### Material to process
--- START ---

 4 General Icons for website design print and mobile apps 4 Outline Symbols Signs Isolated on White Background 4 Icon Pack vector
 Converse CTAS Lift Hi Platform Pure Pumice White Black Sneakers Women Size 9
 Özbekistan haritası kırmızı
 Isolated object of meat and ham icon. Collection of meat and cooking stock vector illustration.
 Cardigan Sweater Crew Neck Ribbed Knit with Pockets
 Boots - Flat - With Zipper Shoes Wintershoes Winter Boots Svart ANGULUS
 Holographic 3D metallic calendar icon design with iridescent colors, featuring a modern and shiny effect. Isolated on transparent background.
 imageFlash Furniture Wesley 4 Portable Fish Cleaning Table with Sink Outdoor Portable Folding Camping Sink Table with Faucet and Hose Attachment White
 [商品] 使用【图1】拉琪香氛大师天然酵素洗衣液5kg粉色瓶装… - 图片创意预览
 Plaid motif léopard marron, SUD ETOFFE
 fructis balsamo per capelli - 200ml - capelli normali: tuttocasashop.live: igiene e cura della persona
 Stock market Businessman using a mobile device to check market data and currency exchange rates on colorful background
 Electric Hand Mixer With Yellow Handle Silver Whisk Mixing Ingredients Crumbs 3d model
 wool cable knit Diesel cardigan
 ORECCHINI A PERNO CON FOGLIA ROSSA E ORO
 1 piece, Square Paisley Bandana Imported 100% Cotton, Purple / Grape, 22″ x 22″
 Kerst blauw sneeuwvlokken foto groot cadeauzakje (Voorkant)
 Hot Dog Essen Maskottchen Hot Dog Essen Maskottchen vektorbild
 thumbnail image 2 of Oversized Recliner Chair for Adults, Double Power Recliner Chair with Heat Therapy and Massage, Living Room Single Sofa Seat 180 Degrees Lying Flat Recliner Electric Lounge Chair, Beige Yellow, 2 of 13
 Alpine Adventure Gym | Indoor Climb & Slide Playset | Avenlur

--- END ---

### Activity
Which lines of the data include "mobile"? Copy each of them.

### Response area
 4 General Icons for website design print and mobile apps 4 Outline Symbols Signs Isolated on White Background 4 Icon Pack vector
 Stock market Businessman using a mobile device to check market data and currency exchange rates on colorful background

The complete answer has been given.